"Die Ermittlung" in der Bürgerschaft: Kommentar von Jens Fischer: Das Unvorstellbare vorstellbar machen
Bestehlen, foltern, erschießen, vergasen. Dazu war man nicht befugt, daran nie beteiligt, davon hatte man nichts gewusst, kann sich nicht erinnern – oder, nun ja, man musste halt mitmachen, gegen die eigene Überzeugung, so waren damals die Gesetze, die Befehle, die Zwänge. Sagen Verantwortliche der KZ-Barbarei vor Gericht.
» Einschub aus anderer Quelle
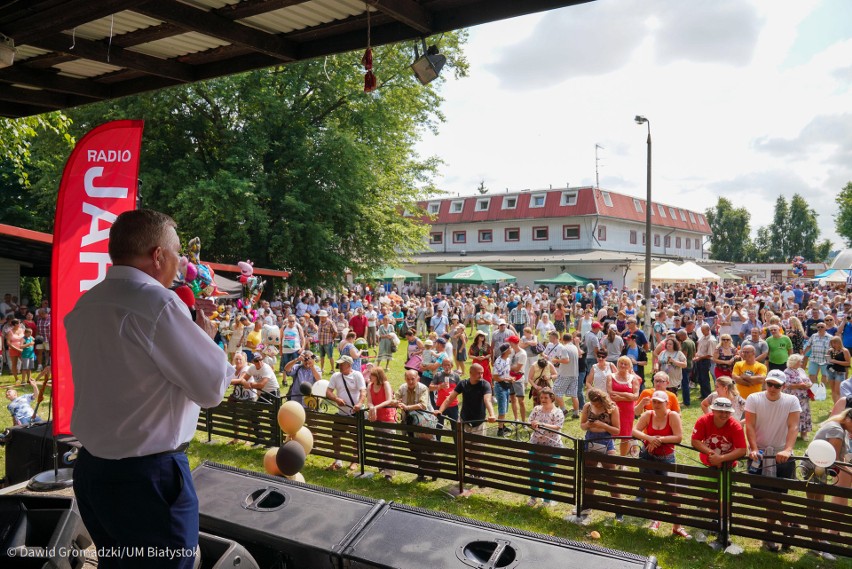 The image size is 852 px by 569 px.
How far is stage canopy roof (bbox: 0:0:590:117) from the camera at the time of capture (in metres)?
3.61

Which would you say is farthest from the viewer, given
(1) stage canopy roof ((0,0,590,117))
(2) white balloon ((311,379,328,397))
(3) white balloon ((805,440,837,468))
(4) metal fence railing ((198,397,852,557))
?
(2) white balloon ((311,379,328,397))

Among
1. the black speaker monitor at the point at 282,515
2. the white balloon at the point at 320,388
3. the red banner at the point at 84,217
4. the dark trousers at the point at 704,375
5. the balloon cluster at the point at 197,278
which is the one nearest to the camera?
the black speaker monitor at the point at 282,515

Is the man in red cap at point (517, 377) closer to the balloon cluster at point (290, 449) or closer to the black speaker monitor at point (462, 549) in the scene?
the balloon cluster at point (290, 449)

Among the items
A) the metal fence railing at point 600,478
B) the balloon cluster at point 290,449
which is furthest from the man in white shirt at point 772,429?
the balloon cluster at point 290,449

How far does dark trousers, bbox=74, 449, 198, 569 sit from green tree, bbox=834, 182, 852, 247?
227 feet

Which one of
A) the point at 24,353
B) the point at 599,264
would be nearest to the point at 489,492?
the point at 24,353

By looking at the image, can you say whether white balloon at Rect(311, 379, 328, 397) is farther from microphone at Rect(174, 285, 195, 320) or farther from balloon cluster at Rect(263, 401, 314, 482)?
microphone at Rect(174, 285, 195, 320)

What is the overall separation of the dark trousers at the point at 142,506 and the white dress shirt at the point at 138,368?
0.20ft

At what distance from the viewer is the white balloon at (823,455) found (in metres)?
5.61

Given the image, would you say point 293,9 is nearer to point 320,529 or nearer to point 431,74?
point 431,74

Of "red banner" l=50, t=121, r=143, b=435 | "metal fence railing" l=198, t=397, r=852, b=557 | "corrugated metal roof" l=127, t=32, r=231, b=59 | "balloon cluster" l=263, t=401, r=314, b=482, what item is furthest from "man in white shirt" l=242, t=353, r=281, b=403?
"corrugated metal roof" l=127, t=32, r=231, b=59

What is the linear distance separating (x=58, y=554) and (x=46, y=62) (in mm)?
3730

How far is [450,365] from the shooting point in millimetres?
9820

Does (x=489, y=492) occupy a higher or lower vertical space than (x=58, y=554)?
lower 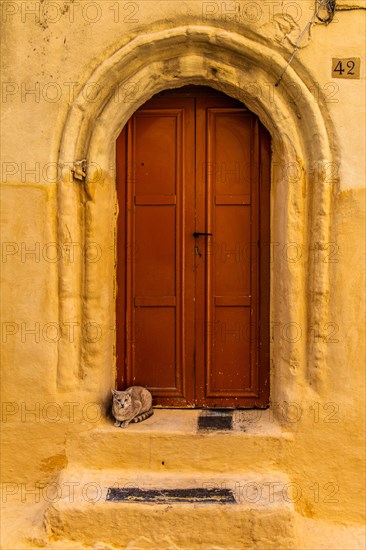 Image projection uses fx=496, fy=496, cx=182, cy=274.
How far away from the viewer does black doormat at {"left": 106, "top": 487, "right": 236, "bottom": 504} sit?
3.37 m

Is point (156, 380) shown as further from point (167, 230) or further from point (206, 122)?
point (206, 122)

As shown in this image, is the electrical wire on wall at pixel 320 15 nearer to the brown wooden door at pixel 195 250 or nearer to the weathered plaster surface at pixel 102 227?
the weathered plaster surface at pixel 102 227

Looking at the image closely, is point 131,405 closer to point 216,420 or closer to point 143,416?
point 143,416

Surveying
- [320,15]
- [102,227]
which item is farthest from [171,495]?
[320,15]

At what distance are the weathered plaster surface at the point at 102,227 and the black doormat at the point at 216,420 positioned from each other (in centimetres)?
13

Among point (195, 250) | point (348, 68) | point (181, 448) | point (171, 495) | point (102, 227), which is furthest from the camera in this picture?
point (195, 250)

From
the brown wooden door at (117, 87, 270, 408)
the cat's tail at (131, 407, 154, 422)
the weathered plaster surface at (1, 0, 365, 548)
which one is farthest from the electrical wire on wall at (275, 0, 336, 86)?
the cat's tail at (131, 407, 154, 422)

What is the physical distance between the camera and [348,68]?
3.54 m

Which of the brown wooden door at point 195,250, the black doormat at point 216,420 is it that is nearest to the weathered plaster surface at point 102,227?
the black doormat at point 216,420

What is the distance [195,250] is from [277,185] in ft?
2.70

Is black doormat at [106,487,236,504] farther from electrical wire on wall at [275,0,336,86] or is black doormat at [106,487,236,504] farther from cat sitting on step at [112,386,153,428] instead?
electrical wire on wall at [275,0,336,86]

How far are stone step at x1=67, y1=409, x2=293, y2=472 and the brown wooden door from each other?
16.5 inches

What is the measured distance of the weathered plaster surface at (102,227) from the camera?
3559 millimetres

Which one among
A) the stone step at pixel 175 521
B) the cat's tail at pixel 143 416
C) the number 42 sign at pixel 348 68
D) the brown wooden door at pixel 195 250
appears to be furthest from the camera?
the brown wooden door at pixel 195 250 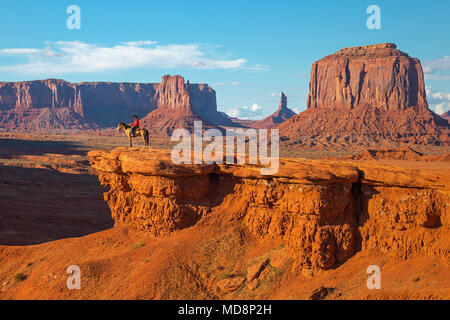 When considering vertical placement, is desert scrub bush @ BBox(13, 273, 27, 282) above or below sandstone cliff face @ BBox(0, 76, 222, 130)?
below

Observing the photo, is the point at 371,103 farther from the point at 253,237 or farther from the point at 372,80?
the point at 253,237

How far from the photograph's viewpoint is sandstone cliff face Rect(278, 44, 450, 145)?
10194 cm

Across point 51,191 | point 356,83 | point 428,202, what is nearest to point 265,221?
point 428,202

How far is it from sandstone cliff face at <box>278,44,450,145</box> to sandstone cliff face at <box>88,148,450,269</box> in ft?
290

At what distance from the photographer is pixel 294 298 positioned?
35.5 ft

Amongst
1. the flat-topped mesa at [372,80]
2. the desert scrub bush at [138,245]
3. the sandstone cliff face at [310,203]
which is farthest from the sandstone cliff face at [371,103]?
the desert scrub bush at [138,245]

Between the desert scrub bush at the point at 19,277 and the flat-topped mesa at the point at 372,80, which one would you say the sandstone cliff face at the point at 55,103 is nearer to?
the flat-topped mesa at the point at 372,80

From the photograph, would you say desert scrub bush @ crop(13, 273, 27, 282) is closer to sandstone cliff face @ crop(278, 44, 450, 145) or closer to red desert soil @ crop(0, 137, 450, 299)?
red desert soil @ crop(0, 137, 450, 299)

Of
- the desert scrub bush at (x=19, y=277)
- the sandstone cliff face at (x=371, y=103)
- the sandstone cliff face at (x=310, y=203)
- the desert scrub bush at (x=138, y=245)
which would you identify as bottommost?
the desert scrub bush at (x=19, y=277)

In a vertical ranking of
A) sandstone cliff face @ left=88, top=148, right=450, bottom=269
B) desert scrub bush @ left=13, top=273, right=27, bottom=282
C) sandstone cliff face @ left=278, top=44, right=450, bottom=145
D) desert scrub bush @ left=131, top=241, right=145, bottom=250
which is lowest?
desert scrub bush @ left=13, top=273, right=27, bottom=282

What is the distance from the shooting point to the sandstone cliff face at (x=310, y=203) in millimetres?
11250

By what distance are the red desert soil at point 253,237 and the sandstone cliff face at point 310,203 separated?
0.03m

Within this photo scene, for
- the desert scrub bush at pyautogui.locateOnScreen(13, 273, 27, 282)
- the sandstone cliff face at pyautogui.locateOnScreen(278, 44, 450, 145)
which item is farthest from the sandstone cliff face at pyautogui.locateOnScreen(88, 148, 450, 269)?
the sandstone cliff face at pyautogui.locateOnScreen(278, 44, 450, 145)

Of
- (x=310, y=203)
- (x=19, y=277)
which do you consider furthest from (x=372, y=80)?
(x=19, y=277) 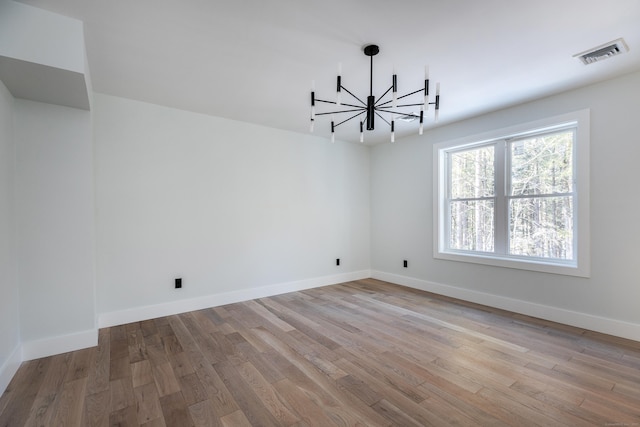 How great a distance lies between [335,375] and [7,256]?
257 cm

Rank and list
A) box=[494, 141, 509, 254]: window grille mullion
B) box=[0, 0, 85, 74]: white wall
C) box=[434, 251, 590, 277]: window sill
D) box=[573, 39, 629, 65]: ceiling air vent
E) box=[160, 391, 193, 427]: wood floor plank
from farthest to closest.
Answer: box=[494, 141, 509, 254]: window grille mullion < box=[434, 251, 590, 277]: window sill < box=[573, 39, 629, 65]: ceiling air vent < box=[0, 0, 85, 74]: white wall < box=[160, 391, 193, 427]: wood floor plank

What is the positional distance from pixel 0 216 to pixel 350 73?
2.89 meters

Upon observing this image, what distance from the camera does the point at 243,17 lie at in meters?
1.94

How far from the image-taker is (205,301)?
3.69m

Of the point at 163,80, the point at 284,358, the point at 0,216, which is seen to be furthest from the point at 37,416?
the point at 163,80

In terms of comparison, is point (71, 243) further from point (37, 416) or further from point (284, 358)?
point (284, 358)

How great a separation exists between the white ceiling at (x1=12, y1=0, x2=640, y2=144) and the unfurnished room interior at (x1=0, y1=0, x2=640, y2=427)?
2cm

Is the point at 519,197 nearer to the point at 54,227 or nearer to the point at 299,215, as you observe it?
the point at 299,215

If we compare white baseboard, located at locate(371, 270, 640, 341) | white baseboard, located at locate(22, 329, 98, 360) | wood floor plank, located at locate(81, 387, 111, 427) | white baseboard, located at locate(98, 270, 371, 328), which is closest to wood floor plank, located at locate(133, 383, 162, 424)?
wood floor plank, located at locate(81, 387, 111, 427)

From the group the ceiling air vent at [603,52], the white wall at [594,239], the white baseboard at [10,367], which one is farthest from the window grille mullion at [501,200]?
the white baseboard at [10,367]

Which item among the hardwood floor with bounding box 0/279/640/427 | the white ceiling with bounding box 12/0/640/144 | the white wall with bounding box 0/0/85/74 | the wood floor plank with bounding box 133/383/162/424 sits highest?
the white ceiling with bounding box 12/0/640/144

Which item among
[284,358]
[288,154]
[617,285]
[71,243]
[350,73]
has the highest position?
[350,73]

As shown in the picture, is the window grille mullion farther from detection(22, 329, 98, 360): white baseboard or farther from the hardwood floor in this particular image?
detection(22, 329, 98, 360): white baseboard

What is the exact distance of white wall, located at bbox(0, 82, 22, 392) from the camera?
6.71 feet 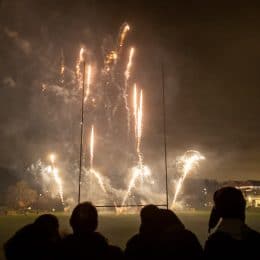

Deutschland habe sich doch wieder „zu einer führenden Stellung empor gearbeitet“, da sei das mit den Toten des Holocaust doch verjährt. So lautet das verstörende Schlusswort von SS-Hauptsturmführer Mulka als Angeklagter 1 in Peter Weiss‘ Dokudrama „Die Ermittlung“.
„Laute Zustimmung der Angeklagten“ hatte der Autor bei dieser Aussage vor 50 Jahren als Beobachter der Frankfurter Auschwitz-Prozesse wahrgenommen. Und das als Anmerkung in sein Stück hineingeschrieben. Wie auch das immer wieder von der Anklagebank zu vernehmende Höllen-Gelächter. Gespielt wird keine dieser Äußerungen bei der einmaligen Aufführung im Plenarsaal der Bürgerschaft. Am Ende ist von den Zuschauern auf den Geschworenenbänken im Rang und von den Rezitatoren an den Abgeordnetentischen nichts zu hören außer Schweigen. Immer lauter werdendes Schweigen. Die Darsteller der Zeugenaussagen und Verhöre verlassen wortlos den Raum.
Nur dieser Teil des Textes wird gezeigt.